Not that an experiment is proof but also

min(rlnorm(1000000, meanlog = 0, sdlog = 1))
0.00678572495336411

The way the sampler proposes possible values from the posterior distribution is a separate process, and can have absolutely nothing to do with what prior distributions you put on parameters.

When you declare a parameter:

parameters {
  real <upper = 5> a_parameter;
}

You are declaring that a_parameter has support (-\infty, 5], and Stan will the propose values from within that support. If you then put a lognormal prior on a_parameter, you need to match the declared bounds on the parameter with the support of the prior.

Hi @idontgetoutmuch,

(Love your screen name!) Wow, I had this exact same problem about four days ago. I solved it by looking through the source code – as you know, the problem you’re encountering occurs during initialization. What happens is that if you don’t specify any constraints (or initial values) for a parameter, then initial values for that parameter will be drawn randomly from a uniform distribution with range [-2, 2] by default. That’s even if you’ve specified a lognormal prior for that parameter. If you specify <lower=0>, then the parameter values will be drawn from roughly the range [0.14, 7]. I checked this and I think the code actually uses a lognormal distribution with a location parameter of 0 (i.e. log of 1) and a scale parameter of 1 (I just checked some initial values against some randomly generated values, I didn’t look for the C++ code). So that’s why you need to specify <lower=0> even though you’re correct that your lognormal prior isn’t actually getting used in generating initial values for x[1,].

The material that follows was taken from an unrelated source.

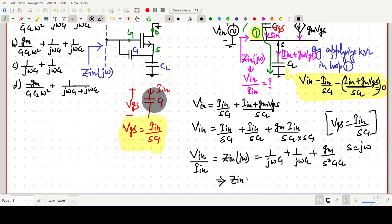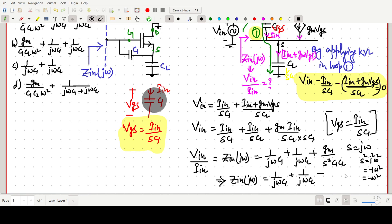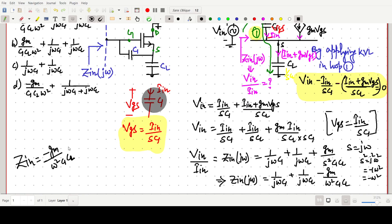Writing the final expression: Zin(jω) = 1/(jωC1) + 1/(jωCL) + term with s². Since s² = (jω)² = −ω², we substitute to get −gm/(ω²·C1·CL). Therefore, the final answer is: Zin(jω) = −gm/(ω²·C1·CL) + 1/(jωC1) + 1/(jωCL). This is the correct expression for the input impedance.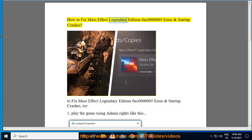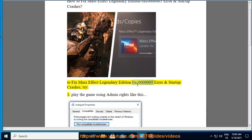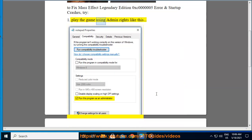How to fix Mass Effect Legendary Edition 0xc0000005 Error and Startup Crashes. To fix Mass Effect Legendary Edition 0xc0000005 Error and Startup Crashes, try: 1. Play the game using admin rights like this.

One thing I don’t understand, though, is that it looks like you only have three variables in x[1,], which means that one out of eight times you should still get positive values for all three. I’m not sure why the initialization failed after 100 attempts. Maybe someone else here could clear that up.

Just a heads-up: here’s a post with the problem I ran into two days after this one that you’re posting about, maybe it can help you avoid the next pothole.

Good luck!

That’s very useful - thanks very much. I probably don’t need a lognormal here anyway but I was trying to keep my model the same as the one I wrote in libbi.

There’s a full explanation of what’s going on in the JSS paper and in the reference manual.

Stan transforms any constrained variables to be unconstrained. For example, if there is a positive constrained variable, it is log transformed. Stan then assumes support for the entire unconstrained space. So when you don’t constrain a variable that has to be positive to have a lower bound of zero, Stan will assume negative values are legal. They then get rejected because they have no support and cause initialization to fail.

A positive constrained variable will be initialized with a (non-uniform) draw from (exp(-2), exp(2)). What happens is that if you have

real<lower = 0> sigma;

then sigma is log transformed so sigma_unconstrained = log(sigma) ranges over (-\infty, \infty). Stan samples using the transformed variable sigma_unconstrained. When Stan evaluates the model density, it uses the inverse transform, mapping the unconstrained value sigma_unconstrained back to (0, \infty) using exp(sigma_unconstrained) = sigma. (Rounding can result in a value of 0 with floating point arithmtic rather than real numbers.)

The key thing to note is that Stan automatically applies the log Jacobian of the inverse transform evaluated at the unconstrained parameter value in order to make sure that the distribution for sigma (the positively constrained one) is uniform from 0 to infinity.